Hey guys,
I'm parsing files (Wiki pages, basically) using the re package in python (might not matter) and I'm having problem with the following. The structure is as such
=== Header1 ===
[[link1]], [[link2]],
[[link3]]
=== Header2 ===
[[link3]]
=== Header3 ===
[[link1]], [[link2]]
This is read in as a STRING, i.e.
STRING = "=== Header1 ===\n[[link1]], [[link2]],\n[[link3]]\n=== Header2 ===\n[[link3]]\n=== Header3 ===\n[[link1]], [[link2]]"
Here the names are dummies.
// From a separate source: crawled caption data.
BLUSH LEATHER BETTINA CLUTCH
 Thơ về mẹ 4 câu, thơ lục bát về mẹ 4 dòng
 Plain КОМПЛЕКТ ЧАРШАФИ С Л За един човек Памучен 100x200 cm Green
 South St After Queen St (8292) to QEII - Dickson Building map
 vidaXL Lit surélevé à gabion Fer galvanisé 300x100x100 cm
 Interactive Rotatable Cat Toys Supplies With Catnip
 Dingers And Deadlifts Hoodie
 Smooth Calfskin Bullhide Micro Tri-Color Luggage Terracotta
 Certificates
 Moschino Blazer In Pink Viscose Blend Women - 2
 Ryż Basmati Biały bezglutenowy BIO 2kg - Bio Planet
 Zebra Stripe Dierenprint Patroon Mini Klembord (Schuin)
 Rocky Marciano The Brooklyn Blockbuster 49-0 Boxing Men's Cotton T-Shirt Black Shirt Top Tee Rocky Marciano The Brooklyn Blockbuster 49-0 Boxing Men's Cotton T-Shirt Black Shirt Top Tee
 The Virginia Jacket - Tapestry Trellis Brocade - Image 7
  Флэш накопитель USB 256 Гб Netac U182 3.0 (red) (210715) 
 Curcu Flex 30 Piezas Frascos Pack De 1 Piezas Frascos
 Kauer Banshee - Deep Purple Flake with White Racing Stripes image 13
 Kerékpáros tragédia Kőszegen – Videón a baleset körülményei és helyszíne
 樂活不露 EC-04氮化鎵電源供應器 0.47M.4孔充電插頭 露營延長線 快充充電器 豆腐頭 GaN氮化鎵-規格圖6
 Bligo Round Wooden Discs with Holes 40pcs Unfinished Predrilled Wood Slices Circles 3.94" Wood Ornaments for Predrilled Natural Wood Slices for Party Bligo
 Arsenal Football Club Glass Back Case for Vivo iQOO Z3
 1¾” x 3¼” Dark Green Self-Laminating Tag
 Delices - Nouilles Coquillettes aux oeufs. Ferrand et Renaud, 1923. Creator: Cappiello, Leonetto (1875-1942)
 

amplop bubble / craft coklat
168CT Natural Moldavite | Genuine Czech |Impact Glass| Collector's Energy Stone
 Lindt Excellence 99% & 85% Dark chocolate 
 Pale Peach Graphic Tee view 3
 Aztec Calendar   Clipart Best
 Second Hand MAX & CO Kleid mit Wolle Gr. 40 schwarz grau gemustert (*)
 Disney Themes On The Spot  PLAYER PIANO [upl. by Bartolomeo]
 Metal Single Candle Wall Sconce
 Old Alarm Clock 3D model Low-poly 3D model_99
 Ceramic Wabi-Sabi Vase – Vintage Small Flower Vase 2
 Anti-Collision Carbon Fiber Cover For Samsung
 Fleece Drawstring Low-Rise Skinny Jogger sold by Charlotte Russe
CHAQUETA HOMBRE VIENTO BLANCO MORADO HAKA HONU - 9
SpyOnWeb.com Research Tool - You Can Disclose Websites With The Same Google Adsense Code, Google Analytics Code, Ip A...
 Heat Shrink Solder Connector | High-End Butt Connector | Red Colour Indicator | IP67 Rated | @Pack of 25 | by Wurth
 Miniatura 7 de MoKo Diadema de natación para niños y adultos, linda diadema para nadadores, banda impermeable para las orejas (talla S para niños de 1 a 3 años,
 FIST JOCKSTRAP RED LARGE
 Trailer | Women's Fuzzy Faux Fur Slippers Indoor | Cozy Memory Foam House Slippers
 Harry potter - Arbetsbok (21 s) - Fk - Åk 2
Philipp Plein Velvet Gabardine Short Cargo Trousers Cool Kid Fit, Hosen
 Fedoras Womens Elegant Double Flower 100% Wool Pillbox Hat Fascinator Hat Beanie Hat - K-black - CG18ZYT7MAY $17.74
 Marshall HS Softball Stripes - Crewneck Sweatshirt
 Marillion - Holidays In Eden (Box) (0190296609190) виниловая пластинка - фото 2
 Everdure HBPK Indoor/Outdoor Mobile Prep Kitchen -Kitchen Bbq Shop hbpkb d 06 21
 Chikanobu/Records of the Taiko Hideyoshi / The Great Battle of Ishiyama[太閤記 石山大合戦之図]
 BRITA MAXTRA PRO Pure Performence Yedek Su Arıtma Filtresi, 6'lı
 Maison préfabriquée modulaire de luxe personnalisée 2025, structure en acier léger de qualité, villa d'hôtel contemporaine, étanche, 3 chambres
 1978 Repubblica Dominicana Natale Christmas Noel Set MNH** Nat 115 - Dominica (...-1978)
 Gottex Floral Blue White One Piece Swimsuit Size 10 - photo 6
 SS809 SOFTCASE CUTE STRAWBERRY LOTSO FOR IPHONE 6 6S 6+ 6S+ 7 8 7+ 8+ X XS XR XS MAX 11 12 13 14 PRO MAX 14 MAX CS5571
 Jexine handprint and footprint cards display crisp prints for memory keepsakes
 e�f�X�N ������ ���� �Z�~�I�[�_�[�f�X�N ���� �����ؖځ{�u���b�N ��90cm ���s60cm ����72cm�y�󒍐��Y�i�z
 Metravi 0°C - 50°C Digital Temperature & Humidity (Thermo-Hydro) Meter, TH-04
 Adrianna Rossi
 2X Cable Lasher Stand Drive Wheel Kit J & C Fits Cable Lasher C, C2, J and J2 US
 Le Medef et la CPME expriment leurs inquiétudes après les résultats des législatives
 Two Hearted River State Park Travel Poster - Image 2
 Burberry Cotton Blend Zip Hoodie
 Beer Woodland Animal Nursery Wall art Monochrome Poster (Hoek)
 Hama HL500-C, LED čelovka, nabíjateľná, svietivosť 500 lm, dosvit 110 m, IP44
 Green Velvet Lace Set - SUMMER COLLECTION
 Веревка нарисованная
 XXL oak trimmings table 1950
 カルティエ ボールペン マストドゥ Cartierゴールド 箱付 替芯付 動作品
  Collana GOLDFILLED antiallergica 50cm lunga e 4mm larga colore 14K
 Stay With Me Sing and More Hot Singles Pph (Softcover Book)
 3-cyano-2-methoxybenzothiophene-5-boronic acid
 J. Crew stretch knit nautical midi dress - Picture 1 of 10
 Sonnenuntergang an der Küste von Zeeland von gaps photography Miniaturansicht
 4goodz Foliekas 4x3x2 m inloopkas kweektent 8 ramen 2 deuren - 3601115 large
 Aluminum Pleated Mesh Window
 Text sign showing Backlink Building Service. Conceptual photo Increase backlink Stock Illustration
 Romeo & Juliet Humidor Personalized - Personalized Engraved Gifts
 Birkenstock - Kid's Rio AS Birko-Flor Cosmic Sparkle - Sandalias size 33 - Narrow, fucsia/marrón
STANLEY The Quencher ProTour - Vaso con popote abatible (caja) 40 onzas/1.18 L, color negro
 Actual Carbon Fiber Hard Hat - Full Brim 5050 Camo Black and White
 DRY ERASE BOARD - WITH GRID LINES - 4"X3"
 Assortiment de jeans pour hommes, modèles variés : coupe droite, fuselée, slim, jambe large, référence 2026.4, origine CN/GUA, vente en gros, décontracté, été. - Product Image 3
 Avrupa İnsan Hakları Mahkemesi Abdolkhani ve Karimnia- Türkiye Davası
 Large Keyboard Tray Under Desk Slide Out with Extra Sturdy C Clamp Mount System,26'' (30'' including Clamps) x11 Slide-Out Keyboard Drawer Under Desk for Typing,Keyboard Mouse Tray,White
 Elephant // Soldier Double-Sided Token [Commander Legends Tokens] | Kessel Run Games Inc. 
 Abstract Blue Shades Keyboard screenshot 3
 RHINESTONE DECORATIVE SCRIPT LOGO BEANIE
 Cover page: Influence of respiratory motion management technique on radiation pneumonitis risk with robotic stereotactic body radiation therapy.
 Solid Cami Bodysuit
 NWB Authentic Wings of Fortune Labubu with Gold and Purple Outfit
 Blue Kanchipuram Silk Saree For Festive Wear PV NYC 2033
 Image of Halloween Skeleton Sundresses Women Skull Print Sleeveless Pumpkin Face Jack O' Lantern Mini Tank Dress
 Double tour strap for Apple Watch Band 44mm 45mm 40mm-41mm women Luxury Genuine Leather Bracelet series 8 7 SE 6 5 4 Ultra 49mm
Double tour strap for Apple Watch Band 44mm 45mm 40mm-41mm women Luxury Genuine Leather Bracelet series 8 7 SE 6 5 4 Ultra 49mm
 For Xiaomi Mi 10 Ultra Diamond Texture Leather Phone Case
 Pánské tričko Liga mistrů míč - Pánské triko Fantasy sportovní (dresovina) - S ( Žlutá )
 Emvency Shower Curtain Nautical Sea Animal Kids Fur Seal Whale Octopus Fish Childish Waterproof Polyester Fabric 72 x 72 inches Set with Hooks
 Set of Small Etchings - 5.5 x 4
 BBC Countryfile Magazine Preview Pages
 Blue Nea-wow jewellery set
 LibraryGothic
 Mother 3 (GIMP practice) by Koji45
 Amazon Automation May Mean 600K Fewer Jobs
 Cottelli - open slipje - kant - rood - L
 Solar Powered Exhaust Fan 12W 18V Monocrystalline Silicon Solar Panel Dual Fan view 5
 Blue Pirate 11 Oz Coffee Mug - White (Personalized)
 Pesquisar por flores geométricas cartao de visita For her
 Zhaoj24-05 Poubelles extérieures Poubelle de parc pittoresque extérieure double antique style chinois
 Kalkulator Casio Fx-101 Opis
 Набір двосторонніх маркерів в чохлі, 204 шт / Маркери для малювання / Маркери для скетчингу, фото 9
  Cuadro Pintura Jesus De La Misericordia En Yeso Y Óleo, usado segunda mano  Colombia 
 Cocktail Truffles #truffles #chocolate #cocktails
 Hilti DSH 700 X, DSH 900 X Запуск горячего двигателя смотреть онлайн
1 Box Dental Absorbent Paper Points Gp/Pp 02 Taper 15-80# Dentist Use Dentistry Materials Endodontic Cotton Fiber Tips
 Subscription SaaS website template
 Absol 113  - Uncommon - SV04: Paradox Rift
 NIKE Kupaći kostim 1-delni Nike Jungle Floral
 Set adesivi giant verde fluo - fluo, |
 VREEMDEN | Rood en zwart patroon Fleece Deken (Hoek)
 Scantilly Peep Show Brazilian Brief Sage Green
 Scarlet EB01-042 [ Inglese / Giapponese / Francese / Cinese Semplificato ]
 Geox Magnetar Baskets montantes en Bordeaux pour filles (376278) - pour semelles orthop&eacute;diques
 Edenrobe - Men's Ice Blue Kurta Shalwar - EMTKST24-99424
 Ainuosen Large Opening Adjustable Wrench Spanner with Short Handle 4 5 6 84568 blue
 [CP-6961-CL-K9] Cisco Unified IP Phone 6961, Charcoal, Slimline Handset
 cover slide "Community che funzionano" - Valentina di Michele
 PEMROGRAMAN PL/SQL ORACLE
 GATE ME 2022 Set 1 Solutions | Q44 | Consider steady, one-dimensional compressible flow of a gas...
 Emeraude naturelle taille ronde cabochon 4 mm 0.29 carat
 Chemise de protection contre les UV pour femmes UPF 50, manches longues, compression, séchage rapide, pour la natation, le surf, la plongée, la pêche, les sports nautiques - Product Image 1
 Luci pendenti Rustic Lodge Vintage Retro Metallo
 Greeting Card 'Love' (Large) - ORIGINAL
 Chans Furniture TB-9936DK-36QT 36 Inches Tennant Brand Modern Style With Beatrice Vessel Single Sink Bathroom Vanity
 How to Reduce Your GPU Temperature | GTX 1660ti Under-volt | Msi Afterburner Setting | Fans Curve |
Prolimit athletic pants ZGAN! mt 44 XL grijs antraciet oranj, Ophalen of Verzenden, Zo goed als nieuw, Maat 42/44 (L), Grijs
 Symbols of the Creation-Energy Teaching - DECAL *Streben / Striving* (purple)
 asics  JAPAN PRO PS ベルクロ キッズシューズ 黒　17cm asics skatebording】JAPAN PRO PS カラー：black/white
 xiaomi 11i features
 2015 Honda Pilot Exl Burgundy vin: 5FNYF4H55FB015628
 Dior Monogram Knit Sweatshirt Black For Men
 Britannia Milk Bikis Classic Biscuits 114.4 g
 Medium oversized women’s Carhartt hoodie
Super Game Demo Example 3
Names and quantity of headers and links is basically random
I'd like to get the data, e.g. in a dict.
d = {"Header1": ["link1", "link2", "link3"], "Header2": ["link3"], "Header1": ["link1", "link2"]}
here is the reference for the re package I use to try and assemble some code
https://www.tutorialspoint.com/python/python_reg_expressions.htm
>>58424118
>(might not matter)
It does, though.
http://stackoverflow.com/questions/1732348/regex-match-open-tags-except-xhtml-self-contained-tags
Seriously, stop using re and start using an HTML parser.
>>58424458
mhm, well I'd rather stay inside the framework I use for the pre- and post-processing of the data, though.
My main question is how to take into account the possible repetition of [[]]
>>58424535
You mean you want to capture repeated groups?
>>58424673
yes
(among other things - for example tell it to go from "=== Header1 ===" to the next "===" or end of file, and not further)
>>58424701
It's possible you can't with re: http://stackoverflow.com/questions/9764930/capturing-repeating-subpatterns-in-python-regex
Well, it's a bad idea anyway. Better get the HTML and parse it properly.